I live two hours from my old high school now. I've started to reconnect, slowly, with people from there. I'm still trying to find out where everyone is, so if you knew me from IMSA, I'd... love to get in touch. Sometimes we move so fast we lose each other, and it's a joy to find that again.
Along the same theme, I went to the first Olin reunion this weekend and had a wonderful time seeing old friends and family again -- learned more about college finances, joined yet another reading group (thanks, Steve!) and geeked out with old professors about education stuff for far too short a time. I also enjoyed following Sebastian through a Sunday evening on campus; he and a group of friends regularly meet for dinner followed by pool. He's getting pretty good -- we've both improved dramatically since January 2009 when we first played each other at FUDCon Toronto. After getting us creamed in the first two games, I managed to perform respectably enough to win 5-person cutthroat in the final round. I'm looking forward to next year's reunion, and we're hoping to get more alumni-student interaction into that one; this round was awfully segregated, and apparently at least some of the students felt it too.
Reading. A lot. Qualitative research, education research... I thought I knew how to think about teaching and learning, but I'm really an engineer who can talk to education researcher rather than an education person myself, and the training of thought into these new paradigms is blind, painful, wonderful. (Caryn Park did a great job of ripping apart my first qualitative research designs on Saturday. Ouch.) Right now I'm just going for massive input, trying to read every single JEE (Journal of Engineering Education) paper posted online before FIE, which is in two weeks. This isn't as bad as it sounds; they've only put the past 19 years online so we're talking fewer than 1000 papers.
I'm struggling through reading dissertations (ouch), books (better), and have been finding myself looking at technical books and papers I once considered difficult and marveling at how easy they are; my tech and math skills have atrophied compared to my teenage self, but at least I'm used to thinking in those patterns. Reading education stuff, philosophy, ethnography... it's like a foreign language. I don't know English any more. I need to take breaks every several pages and do situps on my living room floor to blow off the I don't know what's going on!!! frustration-steam. I love it. In addition to reading for four classes I'm taking and one I occasionally audit, I have two book groups and am now going to try
keeping up with the readings from Olin's pedagogy class as well.
A humbling revelation: the undergrads in Olin's pedagogy class have to read more education papers for one class in one week than I need to read for all my classes for one week, and I'm getting my degree in this.

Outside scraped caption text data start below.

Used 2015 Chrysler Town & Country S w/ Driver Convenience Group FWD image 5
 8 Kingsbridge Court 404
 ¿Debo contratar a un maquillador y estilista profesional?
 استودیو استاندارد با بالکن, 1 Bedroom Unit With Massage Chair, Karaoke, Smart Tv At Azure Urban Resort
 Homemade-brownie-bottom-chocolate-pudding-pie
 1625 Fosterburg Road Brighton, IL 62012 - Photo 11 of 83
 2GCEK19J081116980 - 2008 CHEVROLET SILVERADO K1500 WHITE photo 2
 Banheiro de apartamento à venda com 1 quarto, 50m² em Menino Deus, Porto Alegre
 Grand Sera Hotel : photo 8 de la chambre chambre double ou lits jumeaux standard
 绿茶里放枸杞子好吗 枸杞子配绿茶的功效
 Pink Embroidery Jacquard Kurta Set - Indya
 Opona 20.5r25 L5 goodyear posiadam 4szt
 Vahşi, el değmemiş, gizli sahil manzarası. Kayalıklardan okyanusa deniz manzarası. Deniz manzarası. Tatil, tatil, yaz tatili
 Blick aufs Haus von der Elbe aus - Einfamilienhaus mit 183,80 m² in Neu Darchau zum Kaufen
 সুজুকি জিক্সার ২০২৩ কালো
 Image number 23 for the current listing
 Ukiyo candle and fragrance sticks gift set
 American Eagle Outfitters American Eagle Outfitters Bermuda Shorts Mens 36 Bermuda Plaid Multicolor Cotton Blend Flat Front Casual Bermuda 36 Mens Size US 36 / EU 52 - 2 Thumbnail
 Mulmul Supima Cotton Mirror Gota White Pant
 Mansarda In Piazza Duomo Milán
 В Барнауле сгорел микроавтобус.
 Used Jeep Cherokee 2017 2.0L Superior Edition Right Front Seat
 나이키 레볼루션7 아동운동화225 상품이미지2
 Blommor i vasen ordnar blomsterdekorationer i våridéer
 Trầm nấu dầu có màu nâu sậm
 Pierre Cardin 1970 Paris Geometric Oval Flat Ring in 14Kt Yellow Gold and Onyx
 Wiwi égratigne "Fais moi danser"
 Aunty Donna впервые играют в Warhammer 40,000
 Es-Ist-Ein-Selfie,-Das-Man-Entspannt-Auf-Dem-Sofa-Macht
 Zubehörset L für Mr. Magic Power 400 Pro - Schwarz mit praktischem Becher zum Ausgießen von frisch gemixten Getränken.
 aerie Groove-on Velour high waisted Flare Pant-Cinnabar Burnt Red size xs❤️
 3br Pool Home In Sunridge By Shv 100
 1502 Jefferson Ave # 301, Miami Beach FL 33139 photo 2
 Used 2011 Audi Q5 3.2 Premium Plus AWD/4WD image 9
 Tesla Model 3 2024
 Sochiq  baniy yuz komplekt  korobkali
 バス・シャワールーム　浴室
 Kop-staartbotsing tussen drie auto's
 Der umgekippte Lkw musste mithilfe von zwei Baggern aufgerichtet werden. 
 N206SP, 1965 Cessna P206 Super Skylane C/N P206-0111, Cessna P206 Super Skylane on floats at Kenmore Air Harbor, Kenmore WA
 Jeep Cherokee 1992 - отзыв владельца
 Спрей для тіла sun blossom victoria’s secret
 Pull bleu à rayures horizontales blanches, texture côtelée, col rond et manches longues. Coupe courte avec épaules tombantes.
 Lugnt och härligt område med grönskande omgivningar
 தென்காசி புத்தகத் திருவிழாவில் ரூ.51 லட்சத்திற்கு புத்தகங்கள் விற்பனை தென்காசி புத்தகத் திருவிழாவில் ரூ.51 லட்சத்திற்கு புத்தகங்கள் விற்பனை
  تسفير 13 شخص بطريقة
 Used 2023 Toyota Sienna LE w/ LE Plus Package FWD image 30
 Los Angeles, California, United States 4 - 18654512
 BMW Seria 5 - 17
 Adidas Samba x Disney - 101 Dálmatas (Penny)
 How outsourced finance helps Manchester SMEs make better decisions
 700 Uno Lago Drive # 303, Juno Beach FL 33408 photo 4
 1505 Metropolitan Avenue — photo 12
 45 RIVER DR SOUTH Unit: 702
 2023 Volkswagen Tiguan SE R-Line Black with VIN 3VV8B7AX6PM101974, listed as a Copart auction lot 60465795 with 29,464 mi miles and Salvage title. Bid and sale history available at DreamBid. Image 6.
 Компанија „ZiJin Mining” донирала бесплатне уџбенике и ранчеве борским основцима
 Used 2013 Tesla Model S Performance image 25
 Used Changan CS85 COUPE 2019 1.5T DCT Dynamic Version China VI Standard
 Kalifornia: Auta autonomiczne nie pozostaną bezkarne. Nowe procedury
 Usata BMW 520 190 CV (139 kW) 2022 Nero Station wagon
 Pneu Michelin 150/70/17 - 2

More than ever, I am coming to understand the pressures and the environments that make it so difficult for academics to spend time with open source, and I'm crumbling to the same pressures myself; I'm no longer on IRC, I do more private backchannel, I don't have or create time to step into the FOSS universe because the academic universe is so... all-encompassing. Disturbing; I didn't think it'd happen to me so fast, so quietly. The good thing is that I'm starting to realize this a month into grad school, so there's time and space to figure out what's happening and take steps to restructure the way I'm doing things if I do want to change that.
My declared research concentration at Purdue is "open source and education," and that's how my classmates know me. I go back and forth between my work on that being the (awkward) beginnings of a solid contribution to a revolution... and a bunch of bullshit buzzwords with no substance and no hope for making a difference. I know intellectually that if it were easy to bridge the two worlds it would already be done, but...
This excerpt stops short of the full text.